La partecipazione al mercato del lavoro stabile al 62,5%, e la riduzione della disoccupazione di lunga durata sono ulteriori segnali di un mercato del lavoro in salute, ma restano incertezze sul futuro, specialmente con l’agenda economica del presidente eletto Donald Trump, che include tariffe punitive e politiche migratorie restrittive.
I verbali della Fed mostrano un rallentamento nei tagli ai tassi
La Fed ha adottato un approccio più cauto nei tagli ai tassi di interesse, come emerge dai verbali dell’incontro del 17-18 dicembre. Questo cambio di rotta riflette i timori legati all’inflazione persistente e alla forza dell’economia statunitense.
Molti membri del Federal Open Market Committee (FOMC) hanno concordato che il ritmo dei tagli ai tassi avrebbe dovuto rallentare.

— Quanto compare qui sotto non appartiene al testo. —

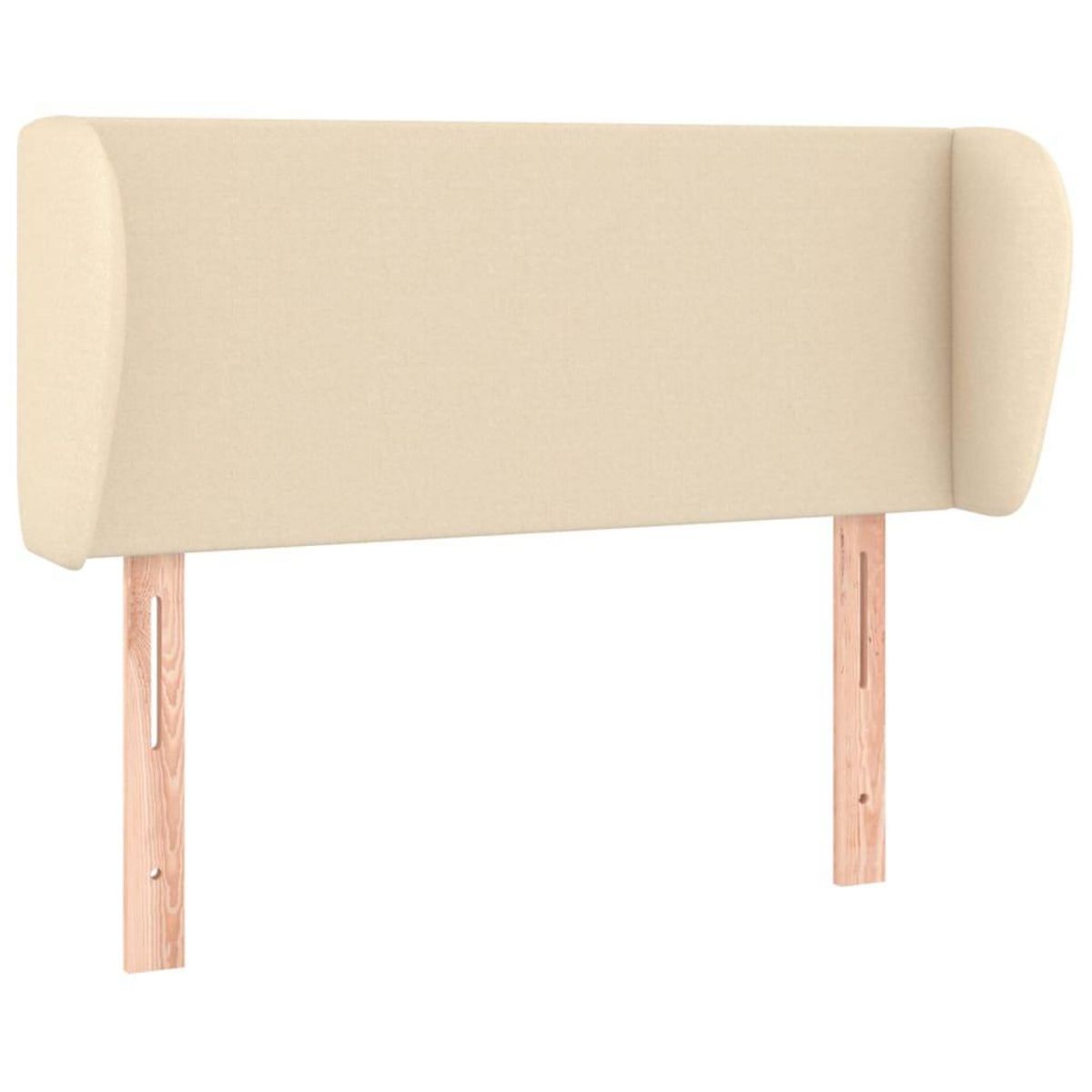 VIDAXL Tete de lit avec oreilles Creme 103x23x78/88 cm Tissu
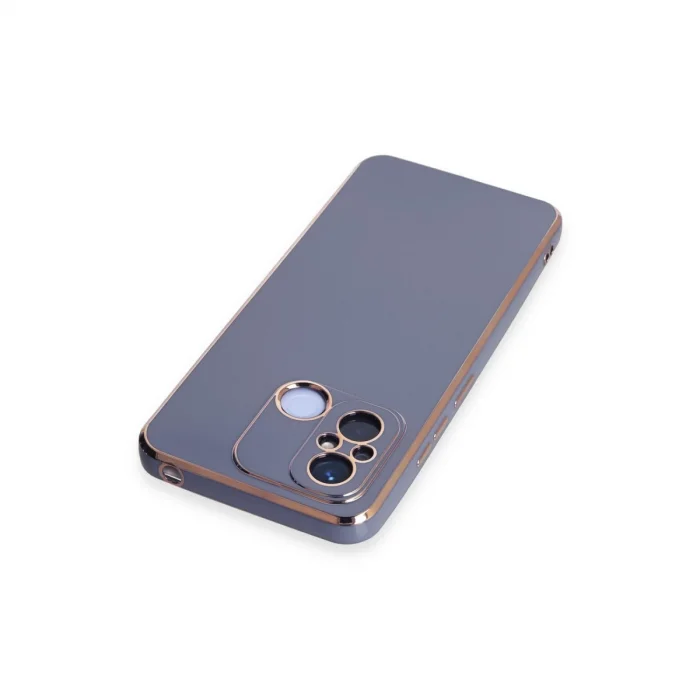 BUĞZ Xiaomi Redmi 12c Kılıf Volet Silikon - Mavi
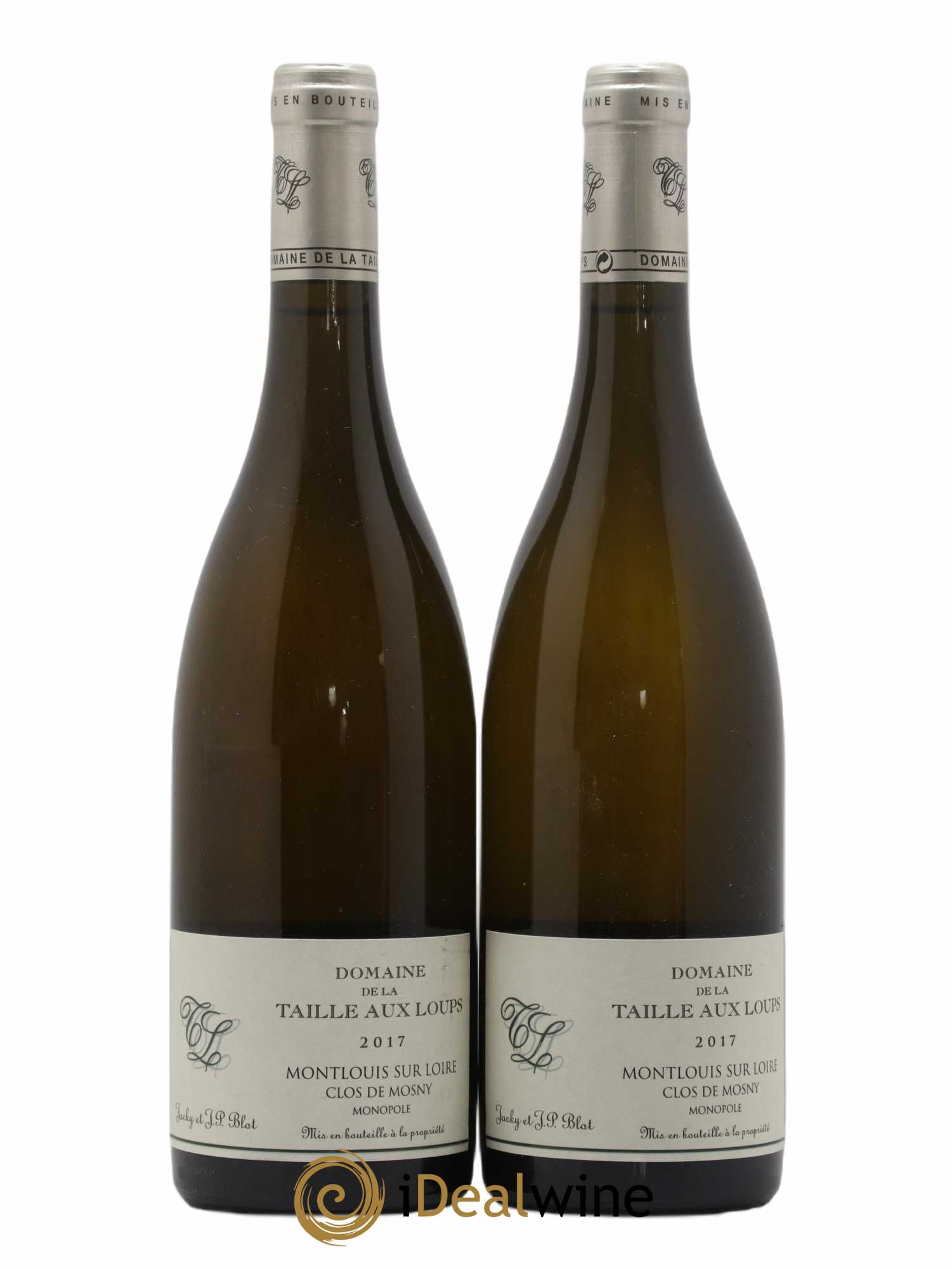 Montlouis-sur-Loire Clos de Mosny La Taille aux Loups - Jacky Blot 2017 - Lotto di 2 bottiglie - 0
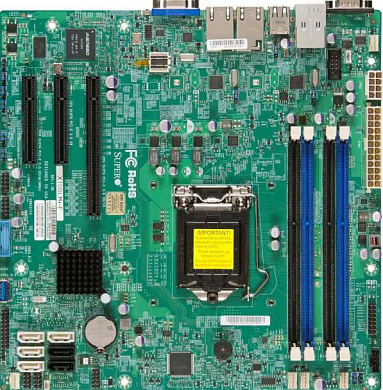 Материнская плата Supermicro X10SLM+-F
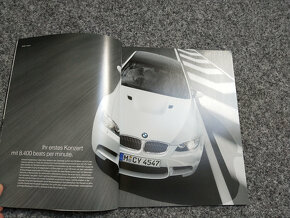 Prospekt BMW M3 E90 Coupé, Cabrio, sedan, 82 stran 2008 - 3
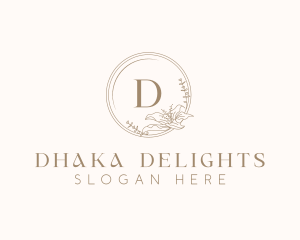 Floral Elegant Wedding Event logo design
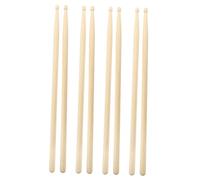 Didiseaon 4 Pairs Maple Wood Drumsticks of Quality Drum Sticks with Tip for Sound for Jazz Practice and All Drum Types Smooth Grip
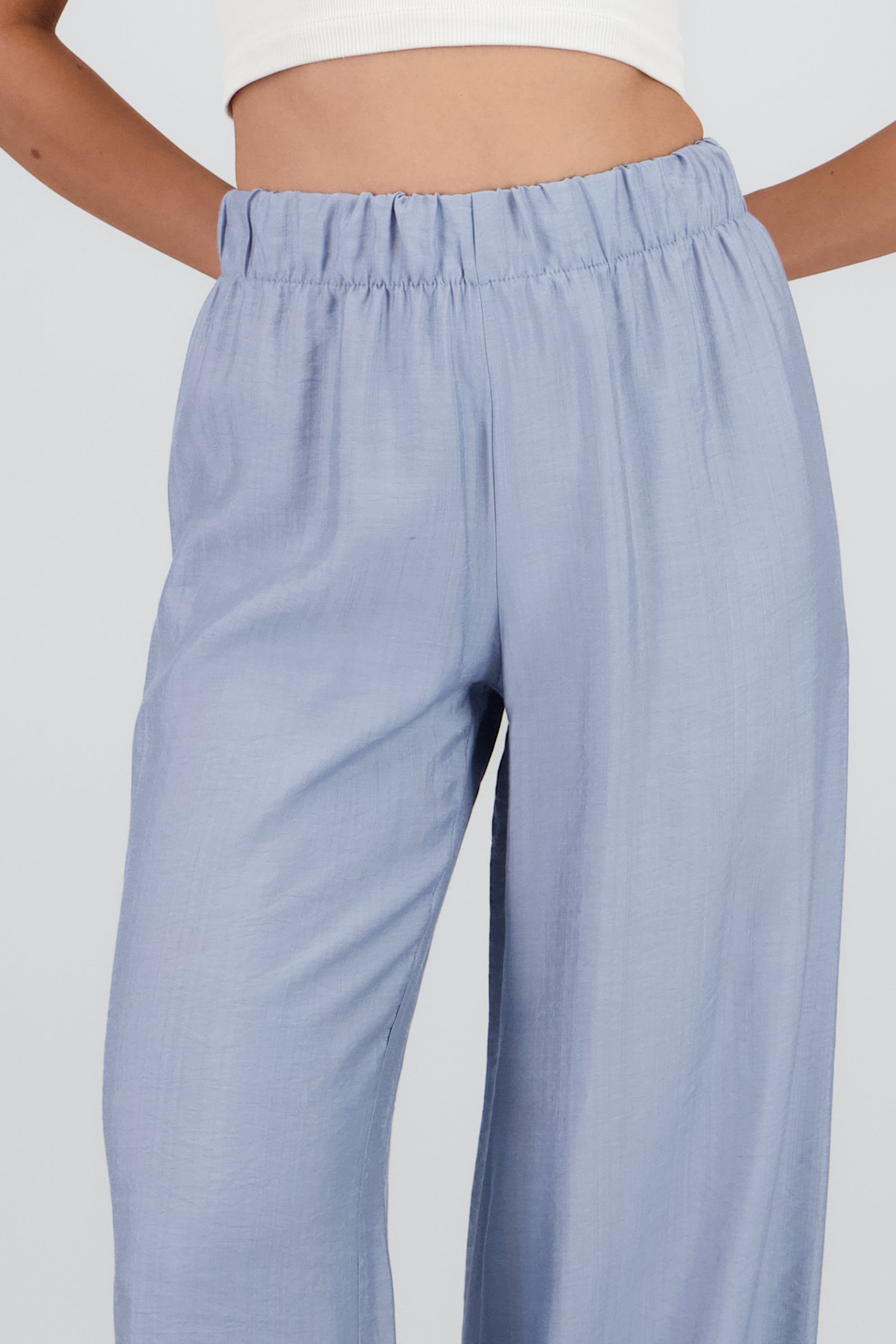 Pantalon wide leg ligero AZUL CIELO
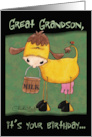 Great Grandson’s Birthday Milk Cow card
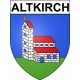 Pegatinas escudo de armas de Altkirch adhesivo de la etiqueta engomada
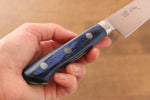 Seisuke Seiten Molibdeno Petty-Utilitario  150mm Mango de Madera de pakka azul  con Funda - Japanny-SP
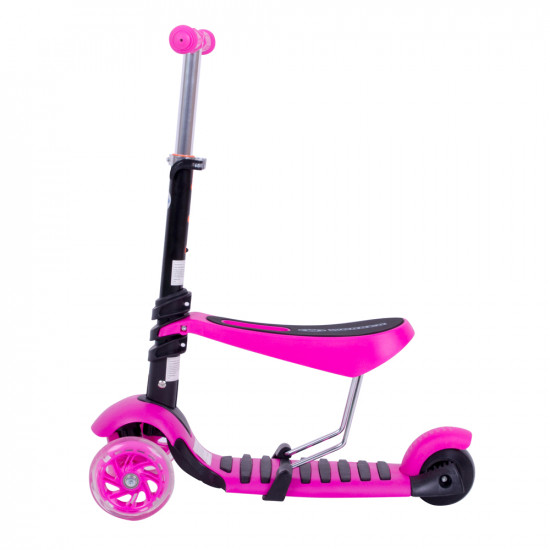 3-in-1 Scooter WORKER Nimbo, Pink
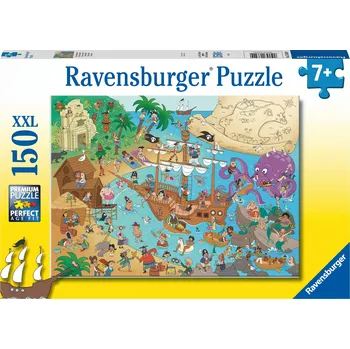 Puzzle RAVENSBURGER Puzzle Pro Děti Pirátská Zátoka 150 Dílků Od 7 Let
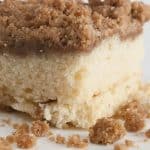 Brown Sugar Crumb Topped Coffee Cake Brown sugar crumb topped coffee cake is a moist, buttery breakfast cake with a perfectly sweet crumbly top! It's quick and easy, too!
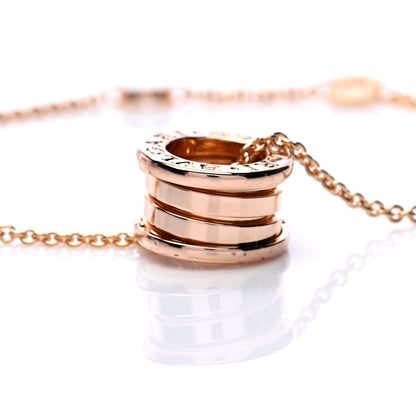 Bulgari 18K Rose Gold B.Zero1 Pendant Necklace 5 of 7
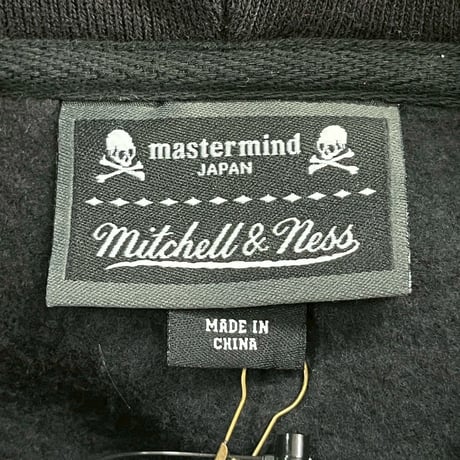 MITCHEL＆NESS × MASTERMIND BRANDED HOODIE BLACK XL 29872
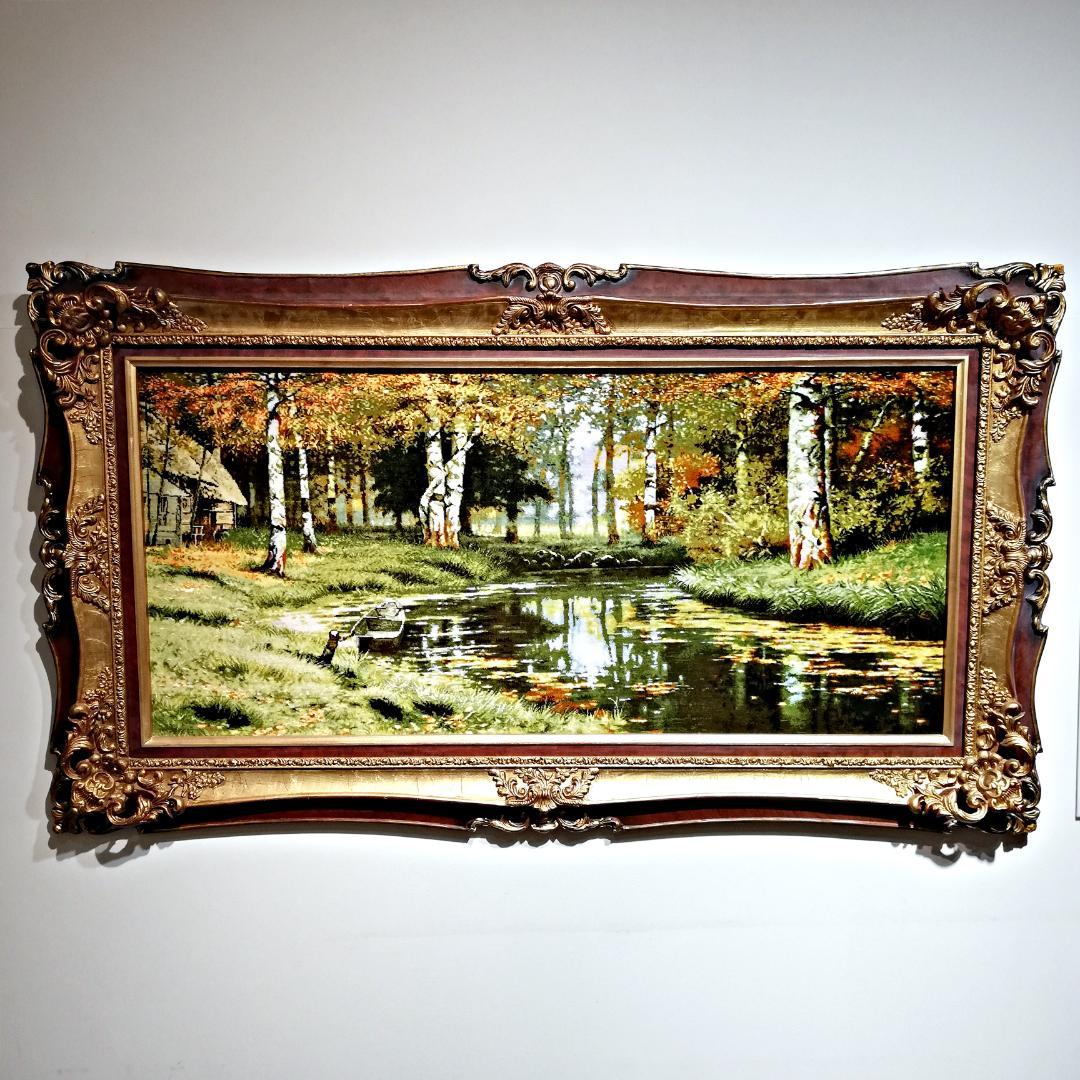 新春初売りセール▼ペルシャ絨毯 額装 タブリーズ 「水辺」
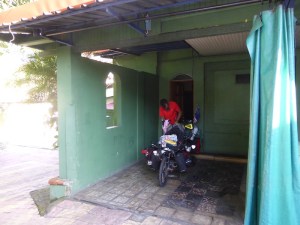 Outside our brothel room. I couldn't capture the interior in a photo from all the bloody mirrors!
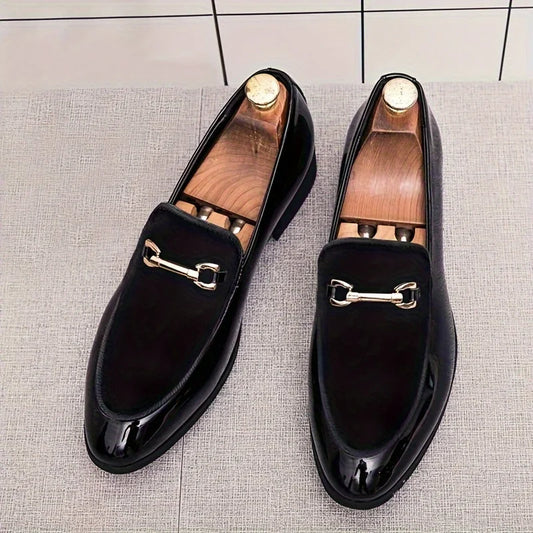 All-Season 's Dress Loafers  Slip-On, Non-Slip, PU , Versatile Pointed Toe Shoes for Daily Elegance and Comfort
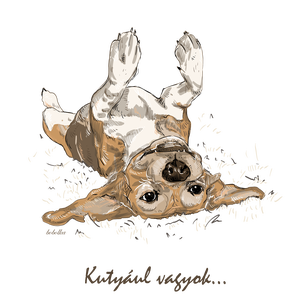 Póló Kutyául vagyok... grafikával - ruha & divat - női ruha - póló, felső - Meska.hu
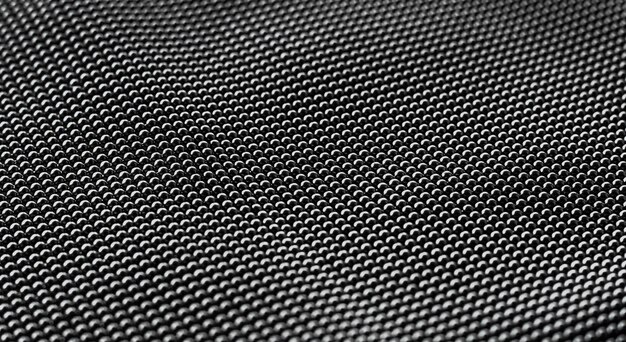 Foto superfície futurista de fundo abstrato metálico preto e material de alta tecnologia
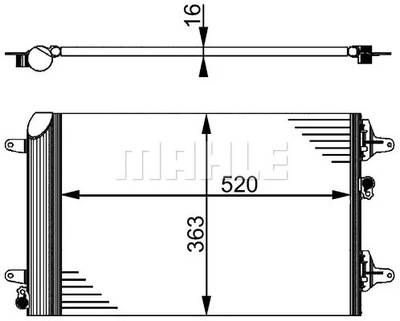 AC358000S/MAH CONDENSADOR  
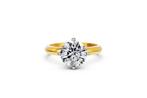 Ring - 14 karaat Geel goud - 3.00ct. tw. Diamant (Lab-grown), Nieuw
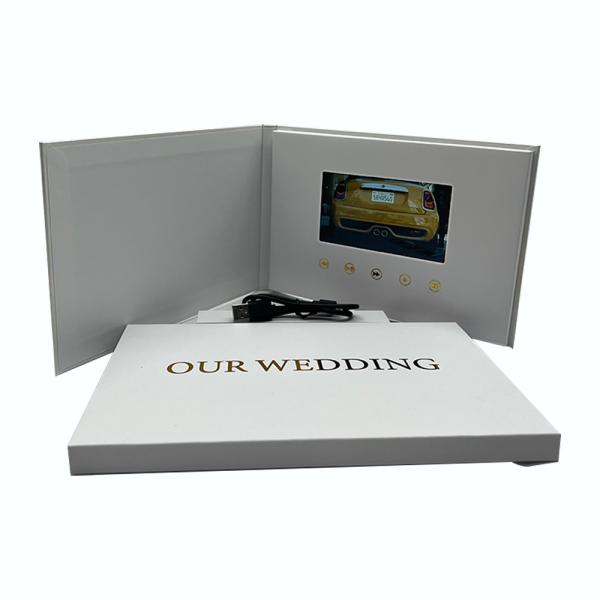 Custom 7 polegadas IPS Video Book casamento Video Brochure casamento Video Album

La decisione di ridurre il tasso di riferimento di un quarto di punto a un intervallo compreso tra il 4,25% e il 4,5% è stata accompagnata da un consenso generale sull’importanza di una maggiore prudenza. “La necessità di un approccio attento riflette fattori come letture dell’inflazione più alte del previsto, una spesa forte e rischi al ribasso ridotti per il mercato del lavoro e l’attività economica,” si legge nei verbali.
Gli esperti della Fed hanno evidenziato che i rischi per l’inflazione sono aumentati, con un numero significativo di partecipanti che ha incluso nelle proprie proiezioni ipotesi conservative legate alle politiche della nuova amministrazione Trump.
La riduzione di dicembre segna un totale di un punto percentuale di tagli da settembre, ma il ritmo rapido ha generato dissensi. La presidente della Fed di Cleveland, Beth Hammack, ha votato contro, preferendo mantenere invariati i tassi. Anche altri tre membri del comitato hanno espresso preoccupazioni simili.
Il cambio di passo della Fed riflette la complessità di bilanciare una crescita economica forte con i rischi inflazionistici. Con un mercato del lavoro resiliente e pressioni inflazionistiche persistenti, la banca centrale sembra orientata verso un approccio più cauto.